= Jasper Mauduit =

Jasper Mauduit was an agent in London of the Province of Massachusetts Bay, and a successor of William Bollan, who served as agent from 1746 to 1762. Jasper Mauduit's agency was terminated in 1765. He was the brother of Israel Mauduit.

==Historical context==
Jasper Mauduit was an agent during the time of the reign of George III. At the time, the Province of Massachusetts was governed by the Charter of William and Mary. This charter had been in effect since 1691, when the New England Colonies of Massachusetts Bay and New Plymouth were joined with the province of Maine and Nova Scotia, forming the Massachusetts Bay Colony.

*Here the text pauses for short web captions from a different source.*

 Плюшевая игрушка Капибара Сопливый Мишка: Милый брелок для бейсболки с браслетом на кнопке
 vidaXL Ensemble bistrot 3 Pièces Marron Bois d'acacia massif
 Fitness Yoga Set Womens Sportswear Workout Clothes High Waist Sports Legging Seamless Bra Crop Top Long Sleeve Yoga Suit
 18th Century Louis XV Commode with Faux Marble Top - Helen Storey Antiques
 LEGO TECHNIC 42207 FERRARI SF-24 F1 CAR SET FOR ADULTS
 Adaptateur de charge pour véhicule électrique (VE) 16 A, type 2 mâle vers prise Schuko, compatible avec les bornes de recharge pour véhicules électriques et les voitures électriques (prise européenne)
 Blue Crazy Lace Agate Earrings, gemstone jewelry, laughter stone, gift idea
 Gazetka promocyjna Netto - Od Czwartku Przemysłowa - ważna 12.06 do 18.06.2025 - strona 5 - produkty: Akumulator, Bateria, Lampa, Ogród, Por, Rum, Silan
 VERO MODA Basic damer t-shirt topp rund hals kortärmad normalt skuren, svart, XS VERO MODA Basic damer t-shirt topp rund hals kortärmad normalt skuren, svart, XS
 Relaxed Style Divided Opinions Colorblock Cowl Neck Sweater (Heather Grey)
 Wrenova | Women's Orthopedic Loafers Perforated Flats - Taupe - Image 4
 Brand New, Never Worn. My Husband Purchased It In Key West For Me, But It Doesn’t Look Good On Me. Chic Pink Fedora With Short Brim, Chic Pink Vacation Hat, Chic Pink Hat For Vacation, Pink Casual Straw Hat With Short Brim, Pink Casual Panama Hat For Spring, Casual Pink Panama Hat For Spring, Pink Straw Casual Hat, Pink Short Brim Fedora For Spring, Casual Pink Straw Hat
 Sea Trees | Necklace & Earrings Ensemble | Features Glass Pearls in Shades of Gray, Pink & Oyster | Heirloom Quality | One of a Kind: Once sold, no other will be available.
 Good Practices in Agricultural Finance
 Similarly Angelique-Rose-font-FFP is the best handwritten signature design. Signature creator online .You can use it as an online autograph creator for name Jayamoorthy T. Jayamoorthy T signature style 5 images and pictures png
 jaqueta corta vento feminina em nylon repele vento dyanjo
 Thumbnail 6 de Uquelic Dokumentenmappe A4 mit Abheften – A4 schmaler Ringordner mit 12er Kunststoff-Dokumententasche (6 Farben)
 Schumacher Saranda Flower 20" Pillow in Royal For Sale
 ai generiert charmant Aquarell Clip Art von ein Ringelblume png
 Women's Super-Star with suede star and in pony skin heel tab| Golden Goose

==Colonial agencies in England==
While colonial agencies existed in the seventeenth century, they were temporary and mostly concerned with affairs of great importance, when affairs in the colony seemed to call for a greater level of communication with the British government. An agent was needed in Massachusetts particularly for the purpose of protecting the charter. Often, these agents were prominent persons from the colonies that were sent to England to be representatives at court. Once their mission was accomplished, however, their agencies came to an end. As colonial management developed in the 18th century, agencies became a permanent representation, rather than a temporary special embassy.

==Literature==
- Bollan, William, Jasper Mauduit, and Charles G. Washburn. 1918. Jasper Mauduit, agent in London for the Province of the Massachusetts-Bay, 1762-1765. Boston: Massachusetts Historical Society.